Develop a prototype for a liveness detection system that uses videos from camera selfies. Your solution should be secure and robust against basic spoofing attacks.
- Liveness Detection Algorithm: Create a machine learning model to distinguish between live individuals and non-live entities (e.g., photos, video replays, masks). Describe your model selection, feature engineering, and training process.
- Adversarial Machine Learning: Implement and test your model against adversarial attacks designed to bypass liveness detection. Detail your approach for generating adversarial examples and how you enhance your model's robustness against these attacks.
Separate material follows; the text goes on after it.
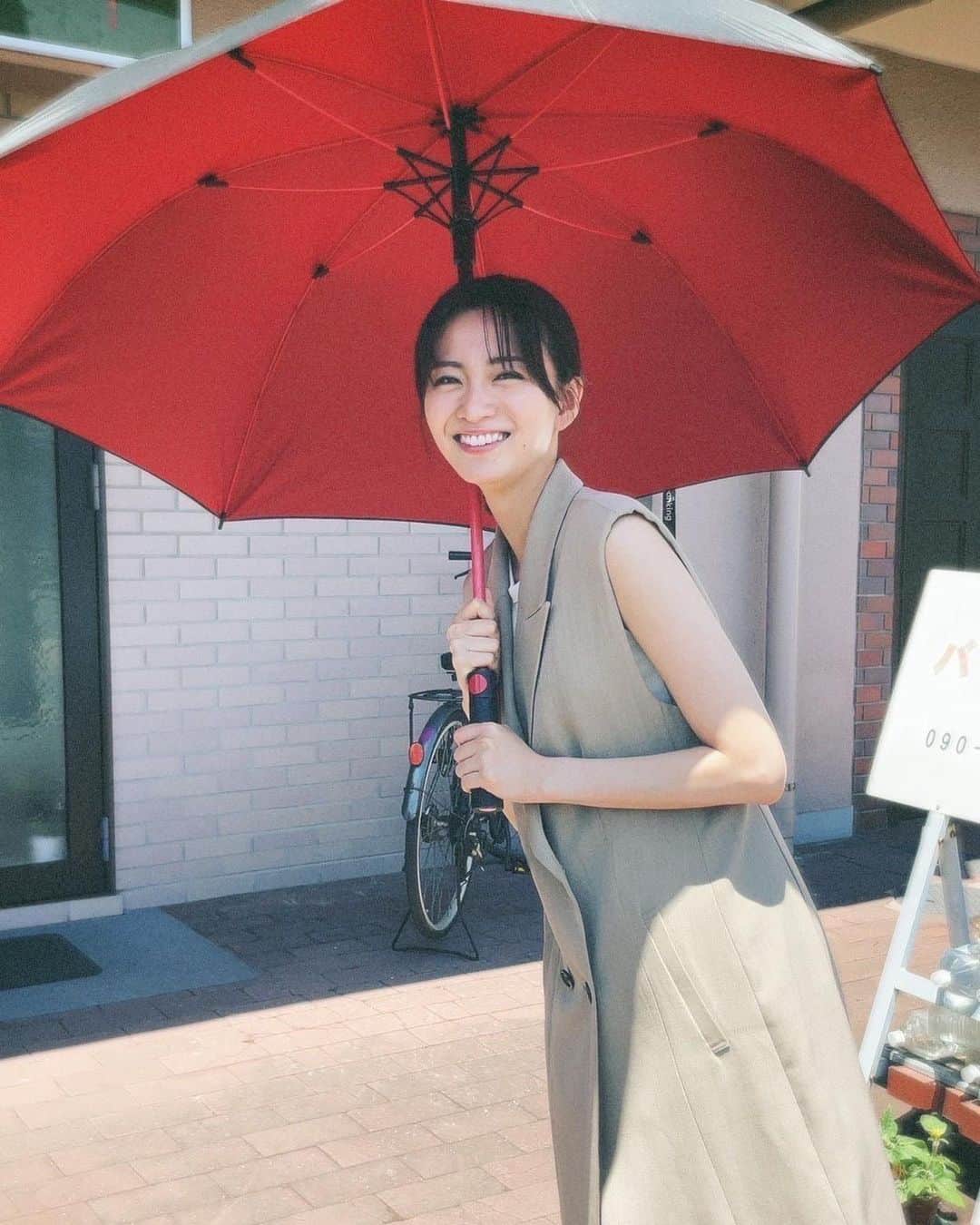岡崎紗絵のインスタグラム：「今夜22時から放送の カンテレ「転職の魔王様」第4話に出演します🐏  来栖嵐の元彼女。 魔王様になる前を知っている唯一の人物です。 そんな重要な役を頂いて光栄でした。  なぜ魔王様と呼ばれるようになったのか、 嵐の過去が知れる回です😌 是非ご覧ください！  #転職の魔王様」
- Security Measures: Address the security aspects to protect the integrity of the liveness detection process. Discuss potential system vulnerabilities and your strategies to mitigate them.
- Testing and Validation: Describe the methodologies you would use to test the liveness detection and its resilience to adversarial attacks. Include performance metrics to evaluate your system’s effectiveness.
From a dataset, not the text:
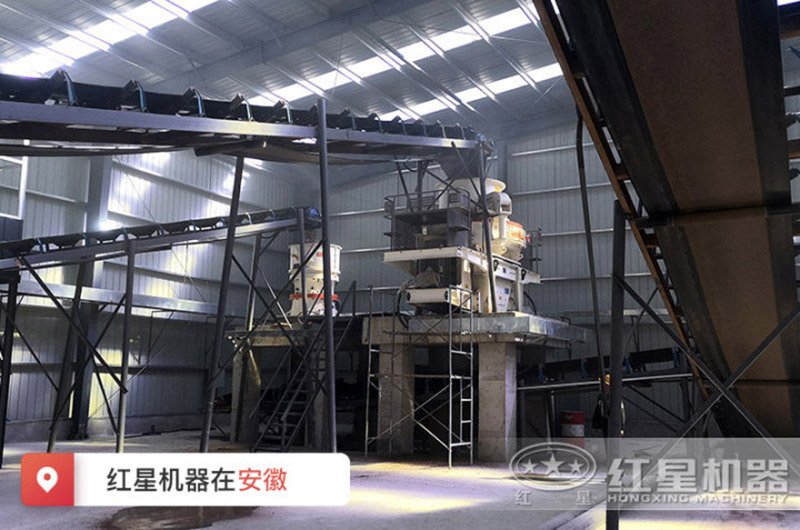 安裝環(huán)保制砂機(jī)現(xiàn)場 安裝環(huán)保制砂機(jī)現(xiàn)場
- Code Repository: Provide a link to a Git repository containing all source code, with instructions for setup and execution, both, the liveness model and the adversarial attack.
- Include a comprehensive report detailing your methodologies, choice of technologies, the rationale behind key decisions, system architecture and data flow diagrams, and a summary of challenges encountered during development and their solutions.
- Technical Proficiency: Efficiency and quality of the code, appropriate use of algorithms and technologies.
- Innovation and Creativity: Originality in approach and problem-solving capabilities.
- Depth of Understanding: Clarity in explaining and justifying design and implementation choices.
- Security Mindset: Awareness of potential security threats and the effectiveness of implemented countermeasures.